* _Exercise_: Take the lines in the listing below from the line with "costruzione dell'orfanotrofio casa" up to and including the line with "#couleur_blanc_brillant_avec_chant_cerise/havane_et_rail_inox" and set them down exactly, skipping pictures and adding nothing.

* _Extracted data_:
◆ ◆ ◆ ◆ ◆ ◆ ◆
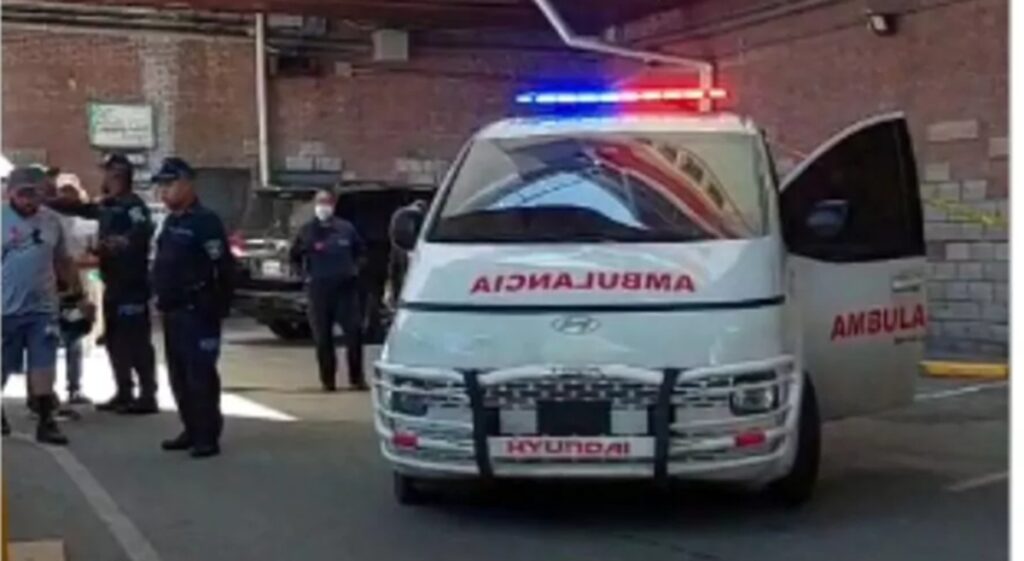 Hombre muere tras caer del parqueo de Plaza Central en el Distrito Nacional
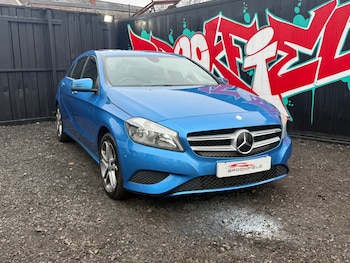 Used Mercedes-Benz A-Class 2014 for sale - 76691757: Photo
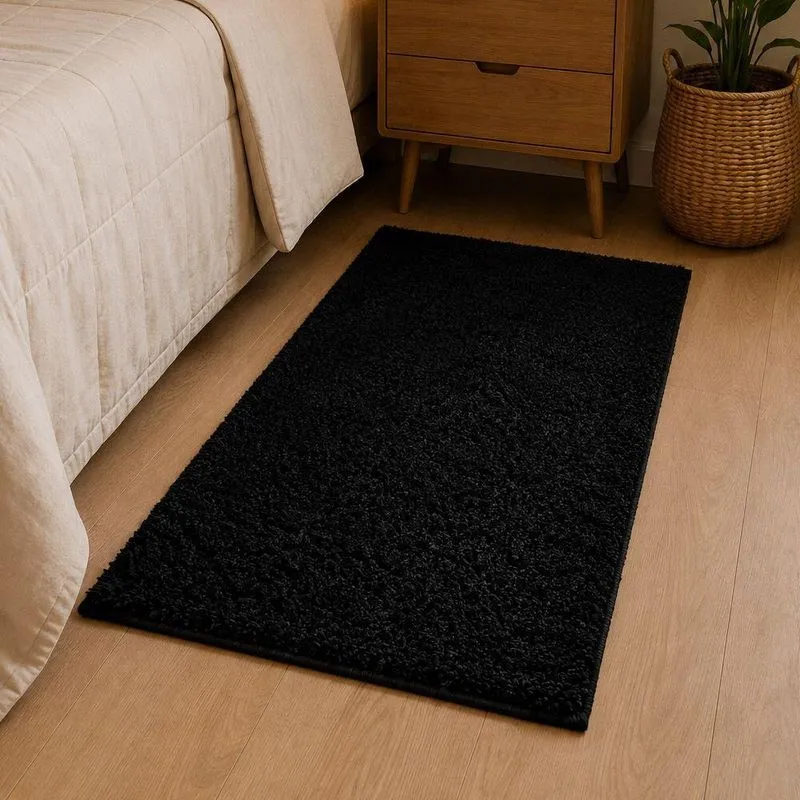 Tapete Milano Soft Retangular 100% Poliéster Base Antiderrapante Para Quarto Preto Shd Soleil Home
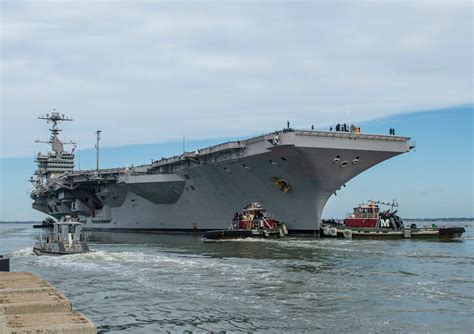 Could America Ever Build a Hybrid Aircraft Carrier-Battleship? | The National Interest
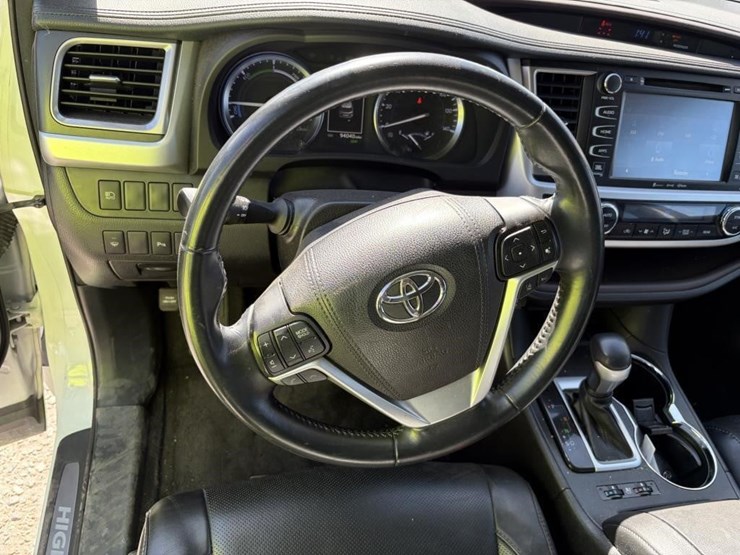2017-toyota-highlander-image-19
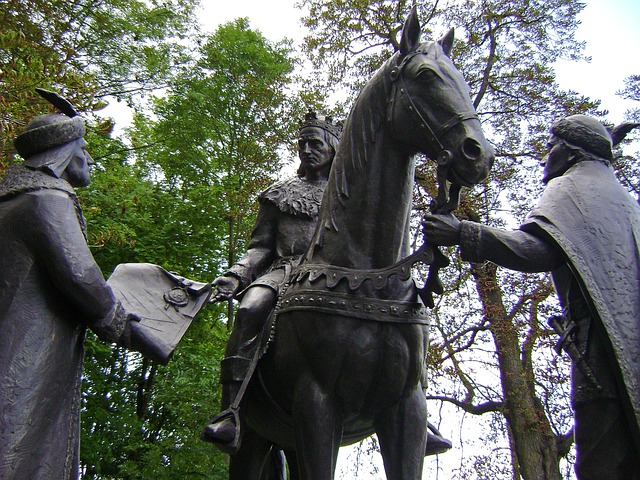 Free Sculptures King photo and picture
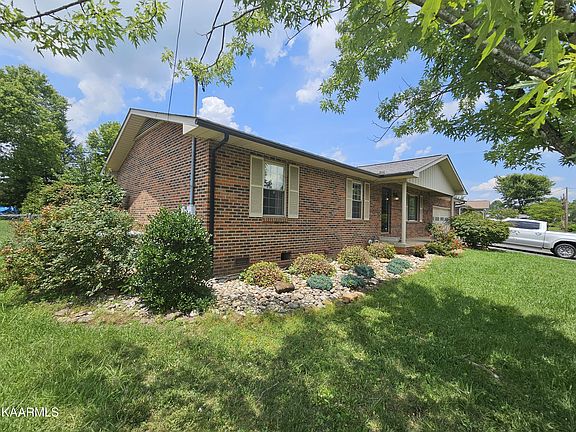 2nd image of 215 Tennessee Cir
◆ ◆ ◆ ◆ ◆ ◆ ◆
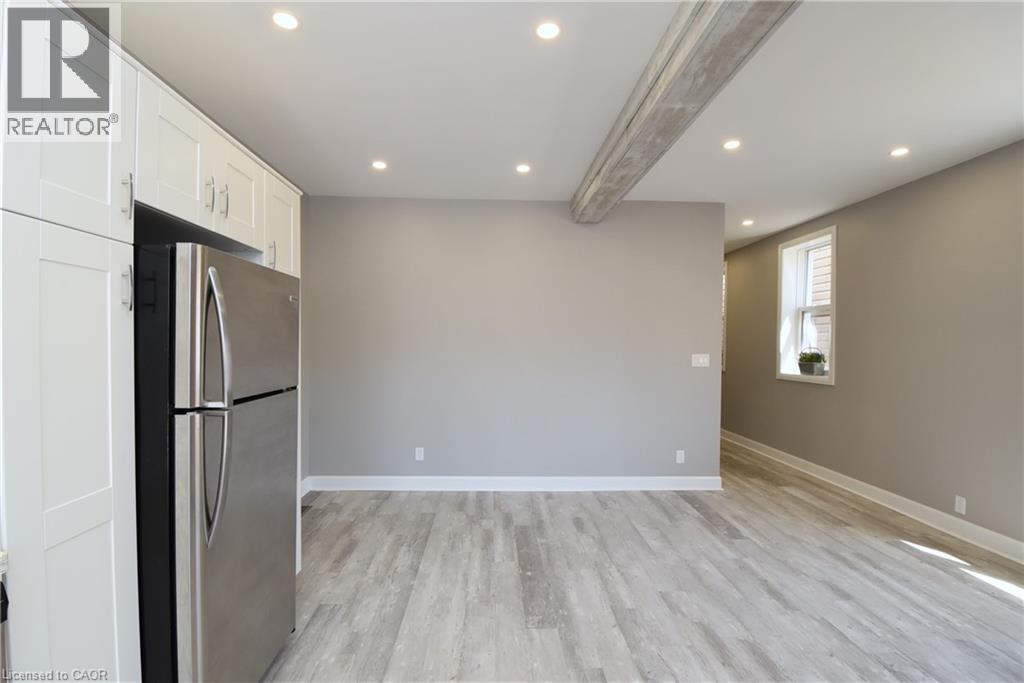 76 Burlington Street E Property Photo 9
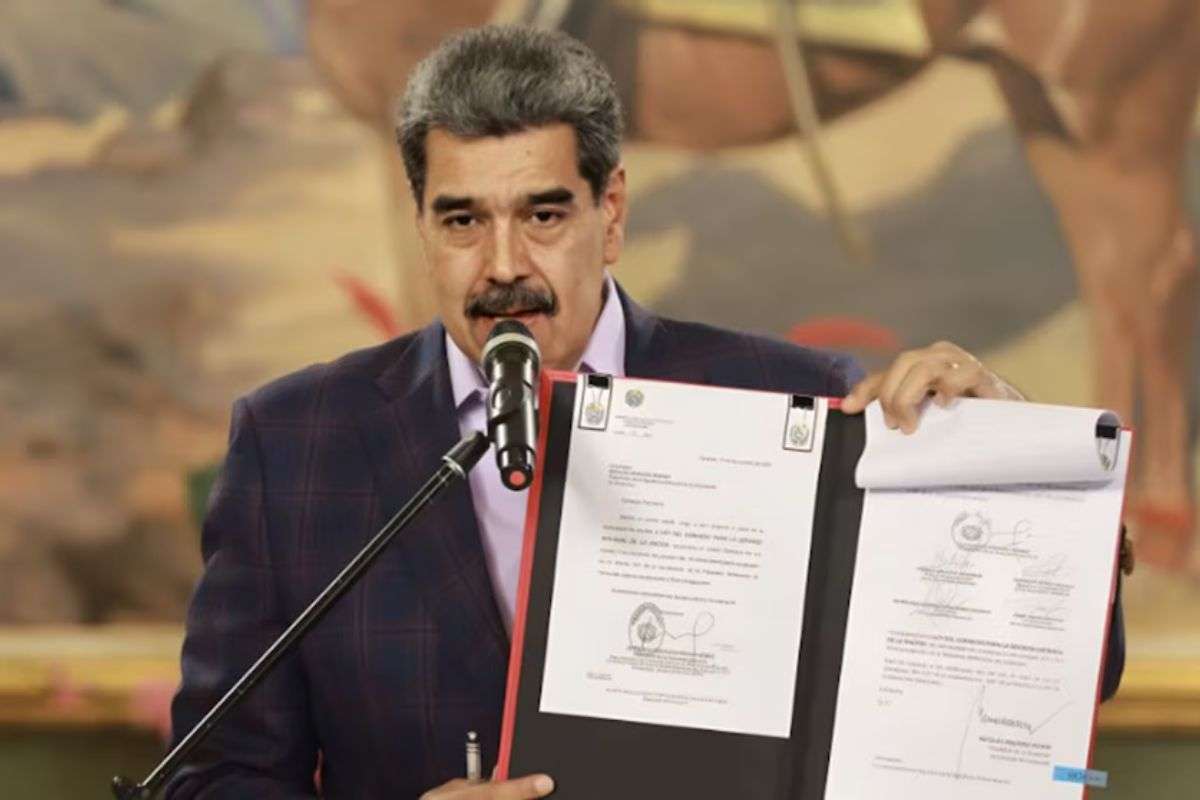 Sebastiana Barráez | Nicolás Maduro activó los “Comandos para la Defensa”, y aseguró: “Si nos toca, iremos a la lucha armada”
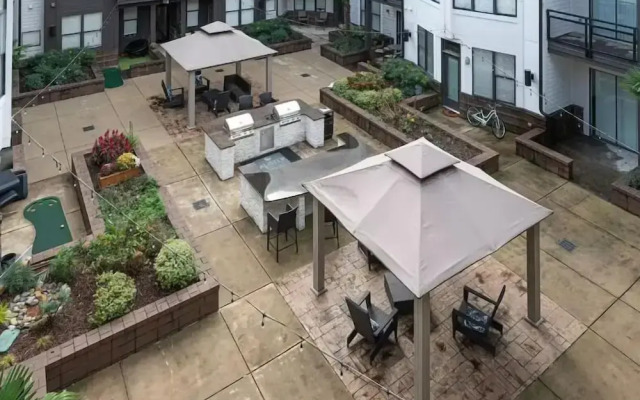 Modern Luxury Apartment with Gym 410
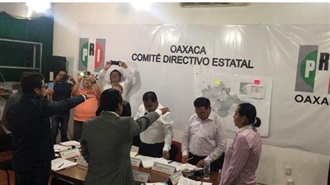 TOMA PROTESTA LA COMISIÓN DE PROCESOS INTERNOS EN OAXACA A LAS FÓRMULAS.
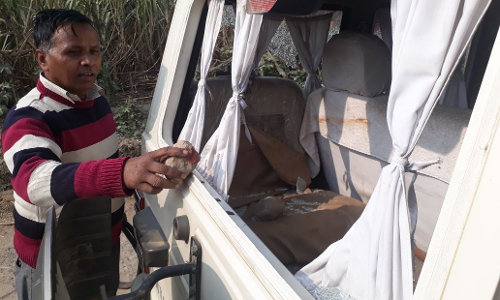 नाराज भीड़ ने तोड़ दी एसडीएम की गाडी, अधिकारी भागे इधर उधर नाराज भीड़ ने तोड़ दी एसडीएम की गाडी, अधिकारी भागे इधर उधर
◆ ◆ ◆ ◆ ◆ ◆ ◆
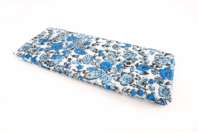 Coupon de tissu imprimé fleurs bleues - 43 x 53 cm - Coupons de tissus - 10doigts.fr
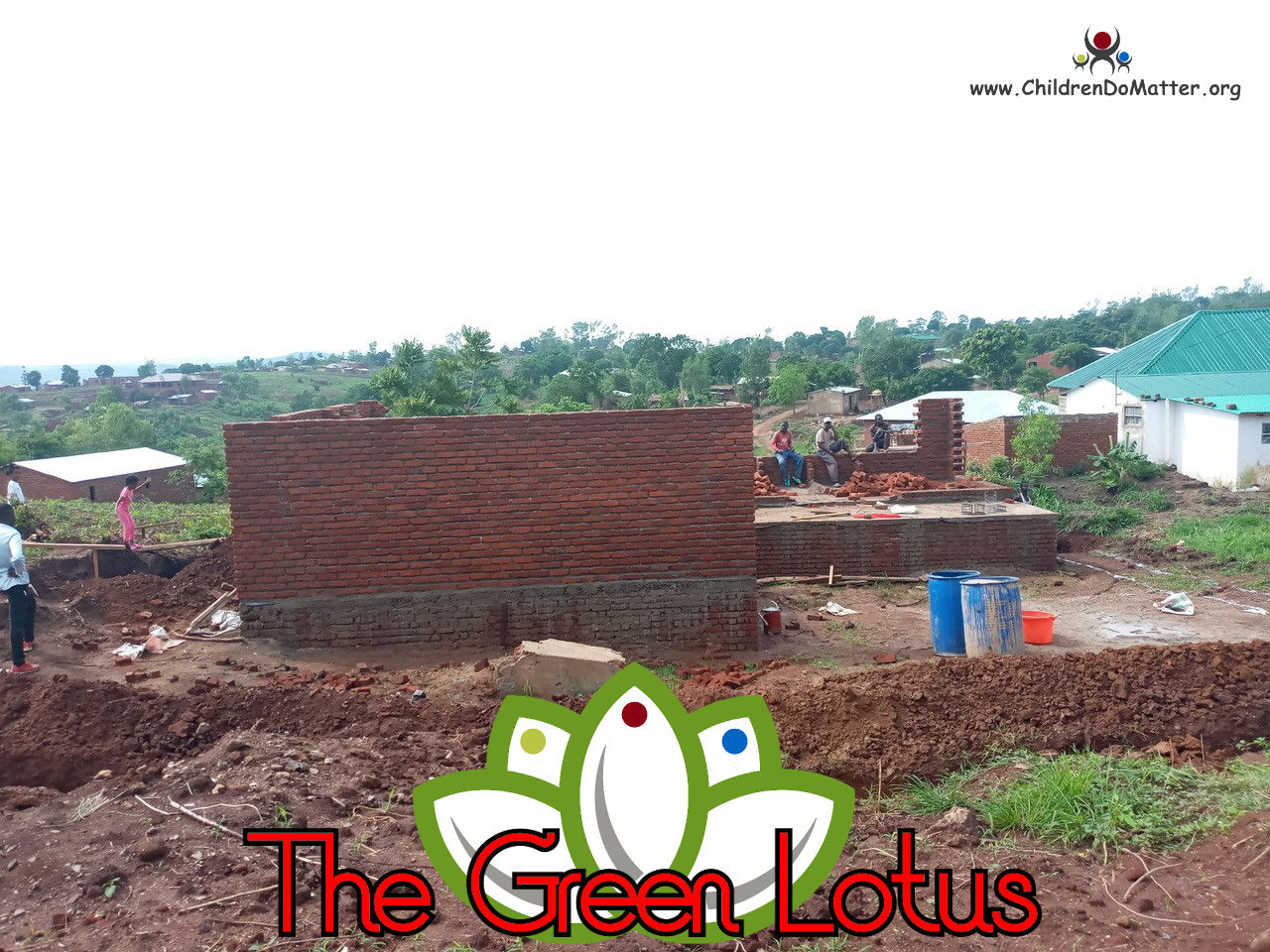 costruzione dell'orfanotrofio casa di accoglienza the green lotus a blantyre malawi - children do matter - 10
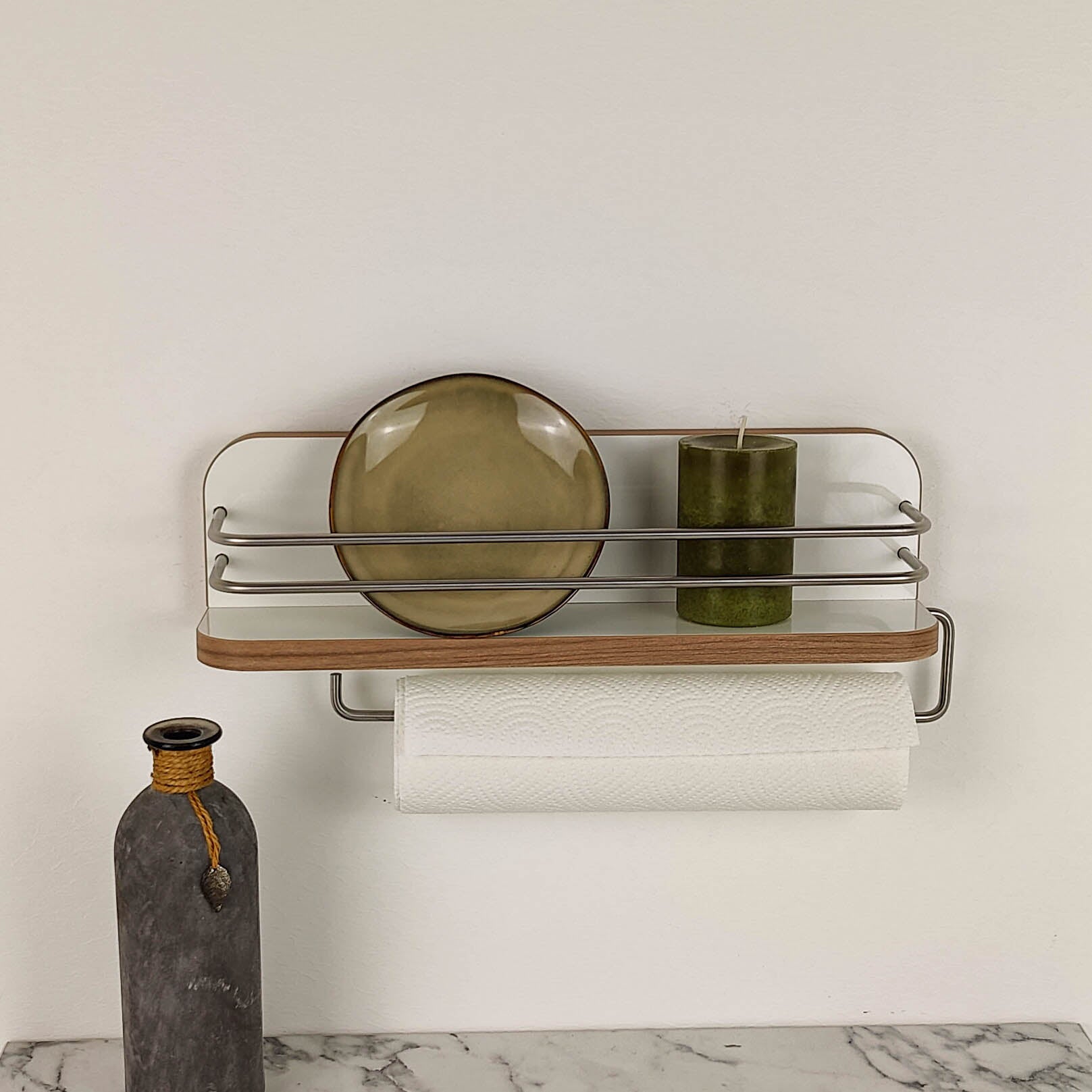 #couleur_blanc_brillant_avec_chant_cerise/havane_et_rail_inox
◆ ◆ ◆ ◆ ◆ ◆ ◆
* _Exercise output_:
 costruzione dell'orfanotrofio casa di accoglienza the green lotus a blantyre malawi - children do matter - 10
 #couleur_blanc_brillant_avec_chant_cerise/havane_et_rail_inox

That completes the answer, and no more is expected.